The transition between the two regimes occurs at the time *t*
_{
c
} given by equation (12). For *t < t*
_{
c
} , the region inside the working surface is partly filled by the ejected
material (with an inner cavity with a boundary given by equation 11). For *t
> t*
_{
c
} , the region within the working surface is “empty” (i.e., as in the ballistic
analytic model, see Figure 3).

For *t < t*
_{
c
} , the working surface moves at a constant velocity, and for *t >
t*
_{
c
} it slows down, more strongly for larger values of the environment-toejection
density ratio *σ* = *ρ*
_{
a
}
*/ρ*
_{0} (see Figure 2). For these two
regimes, we find that the material in the working surface has a linear velocity vs.
*x* (the position along the outflow axis) dependence, given by
equations (14) and (15).

We also compute an axisymmetric numerical simulation, with conditions appropriate for a high velocity clump in a PN. We find that the density structure

initially shows a working surface and a low density cavity that agree well with the analytic predictions (see Figure 4). However, at later times the numerical working surface develops bow shock wings that are considerably broader than the ones of the analytic prediction (see Figures 4 and 5). The position of the leading region of the working surface shows a reasonably good agreement with the analytic model for all of the computed times.

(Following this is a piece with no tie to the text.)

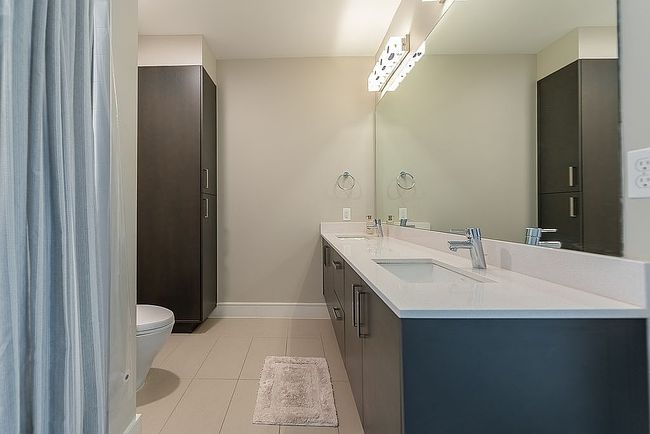 Image of 222 West Ave Unit 1504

From the numerical simulation, we have calculated H*α* maps (Figures 6 and 7) and PV diagrams (Figures 8 to
11). We find that the PV diagrams do show
the linear radial velocity vs. position “Hubble law” predicted from the analytic
models (see Figures 8 and 9).

Therefore, we have found a new way of straightforwardly obtaining clump-like outflows
with a “Hubble law” linear radial velocity ramp joining them to the outflow source.
This is an alternative scenario to the one of the “single peak radial velocity
pulse” model of ^{Raga et al. (2020a},^{b)}, which also produces “Hubble law clumps”.
Clearly, these two possibilities are useful as guidelines to obtaining detailed
models of structures with these characteristics in PN (see, e.g., ^{Dennis et al. 2008}) or in outflows in star
formation regions (see, e.g., ^{Zapata et al.
2020}).

We end by noting that the results presented in this paper directly depend on quite arbitrary assumptions of a pulse-like ejection and a non-top hat ejection velocity cross section. Reasonable arguments for these two assumptions can be presented:

an ejection with a limited duration is partially justified by the observation of clump-like flows in outflows from young and evolved stars, which most likely imply such a time-limited ejection,

a non-top hat outflow cross section could be the result of a magnetocentrifugal ejection from an accretion disk (which produces higher outflow velocities from the inner regions of the disk), or the result of an initial, turbulent outflow region that generates the centrally peaked velocity profile.

This is by no means a concrete proof that the characteristics that we have assumed for the outflow are correct. This type of uncertainty is present in the vast majority of the jet models in the astrophysical literature, many of which share the assumption of a simple but unlikely “sudden turn-on”, top hat cross section” ejection.